Молока я вновь не получил, но дня через три-четыре условия нашего заключения были значительно улучшены. Прогулку стали давать ежедневно, и время ее увеличили втрое, то есть до трех четвертей часа. Стали давать книги (правда, эти книги были исключительно духовного содержания: Четьи-Минеи, полное собрание сочинений святого Дмитрия Ростовского, "Христианское чтение" духовный журнал 30-х и начала 40-х годов и т. п. хлам, среди которого было только две удобочитаемые книги: Стоглав (Духовный Собор, созванный Иоанном Грозным) и Диксона "Святая земля" путешествие по Палестине, написанная, как и все, что пишет Диксон, живо, картинно, занимательно и весьма поучительно по общественным взглядам). Я в первое время был рад всякому клочку печатной бумаги и жадно набрасывался на все, что хотя по внешнему виду могло назваться книгой.
Пища была радикально изменена. Первое блюдо стали разнообразить: щи, борщ, суп. Особенно хороши были зеленые щи со сметаной и яйцами. Три раза в неделю давали биток в сметане настоящий биток, три раза кашу, гречневую, пшенную, ячменную, из хорошей крупы, с очень большим количеством масла, а по воскресеньям жареное мясо и пирог (постная пища была окончательно изгнана). Я помню, как в первый раз Ирод торжественно указал на него своим ключом и внушительно произнес:
— Дается пирог.
Не знаю, хотел ли он этим ответить на слова, сказанные мною Ржевскому, или просто хотел усугубить впечатление, которое должна была произвести такая великая милость, но он посмотрел на меня так, как будто ждал, что я буду просто уничтожен этими двумя словами. Но увы! Сердце мое так ожесточилось, что я совершенно спокойно только спросил:
— С чем?
— С рисом, — ответил отрывисто уже обычным деловым тоном Ирод.

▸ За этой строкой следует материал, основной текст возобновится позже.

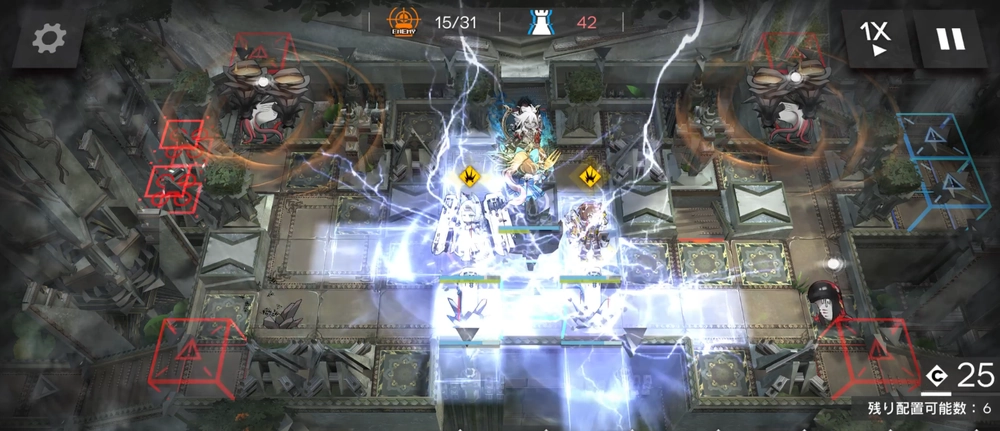 落雷のような攻撃はランダムなのでHPを底上げするしかない_アークナイツ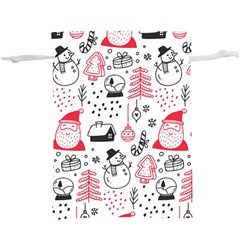 Christmas Themed Seamless Pattern Lightweight Drawstring Pouch (xl) by Semog4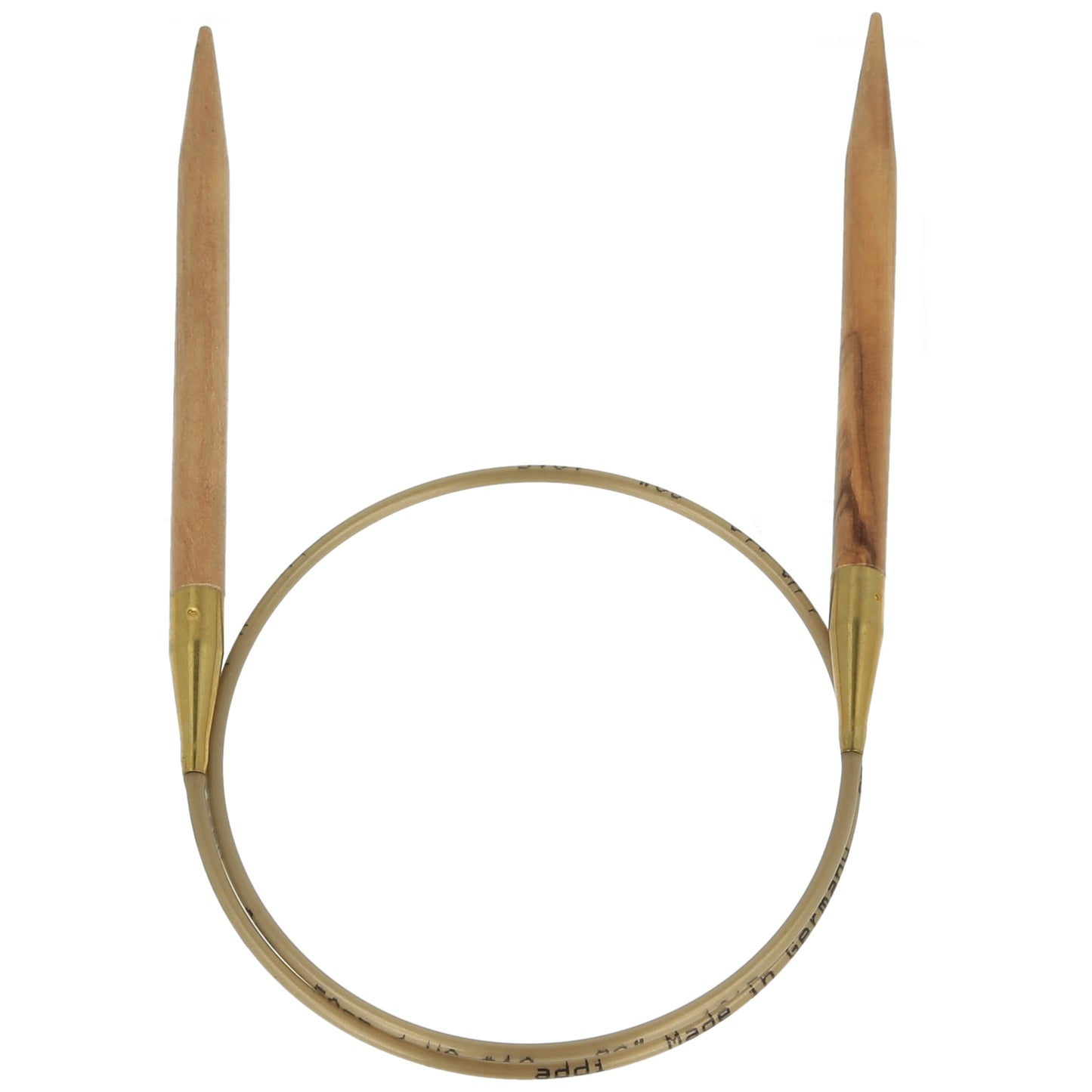 Aiguilles à tricoter circulaires en bois d'olives - addiNature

Мыла нам все же не дали. Чай давали только тем, кто попросит доктора. Но мне так тяжело и так противно было разговаривать, тем более просить о чем-нибудь Ирода и присных его, что я предпочел просидеть все время моего пребывания в Алексеевском равелине без чаю. Соколов очень любил, чтоб его просили, и его задевало мое постоянное молчание. Я не обращался ни с какими просьбами, даже, например, тогда, когда осенью мои коты совершенно развалились, так что подошва отстала и из носка торчали пальцы. Всякий раз на прогулке я промачивал ноги и шел по коридору, хлопая мокрыми башмаками. Соколов, видимо, замечал это, но все же ждал моей просьбы дать новую обувь. Я победил-таки, и он сам обратился ко мне:
— У тебя, кажется, башмаки прохудились?
Я заметил, что жандарм принес уже мне новые, но по вкоренившемуся обычаю сохранять все в строгой тайне держал их у себя за спиной.
— Кажется, — ответил я Соколову и поднял ногу, указывая на капавшую из башмака воду.
— Чего же ты раньше не говорил? Разве можно столько времени ходить в разорванной обуви? За тобою надо смотреть, как за малым ребенком.
Вообще Соколов стал относиться ко мне гораздо мягче и внимательнее, чем это можно было ожидать от такого субъекта. Но это я объяснял себе не только тем, что в его душе пробудилось какое-нибудь человеческое чувство, а тем, что начальство вовсе не желало, чтобы я окончательно сошел с ума, здесь, в равелине, и меня пришлось бы увезти в больницу, как это сделали с Игнатом Ивановым, которого продержали там до открытия Шлиссельбургской тюрьмы, а тогда привезли его, все еще больного, сюда и вогнали-таки в гроб {Изменение режима пришло, однако, поздно для некоторых из товарищей. В 20-х числах умер Ланганс. По вероисповеданию он был католик и просил позвать ксендза. Ему не отказали в этом, обещали даже, но... он так и умер без напутствия священника своего вероисповедания. Вероятно, начальство нашло неудобным послать ксендза в равелин и оставлять его с глазу на глаз с государственным преступником. О каждой новой смерти можно было узнавать по лампам. Дело в том, что лампы, выносившиеся утром из наших камер, ставились на подоконники окошек стены коридора, каждая против той камеры, которой она принадлежала; и всегда число лампочек соответствовало числу заключенных, так что легко было, пересчитав их, убедиться в убыли одного из товарищей. Для тех же, кто знал число камер и их расположение, не составляло труда сообразить, какой No занимал погибший.}.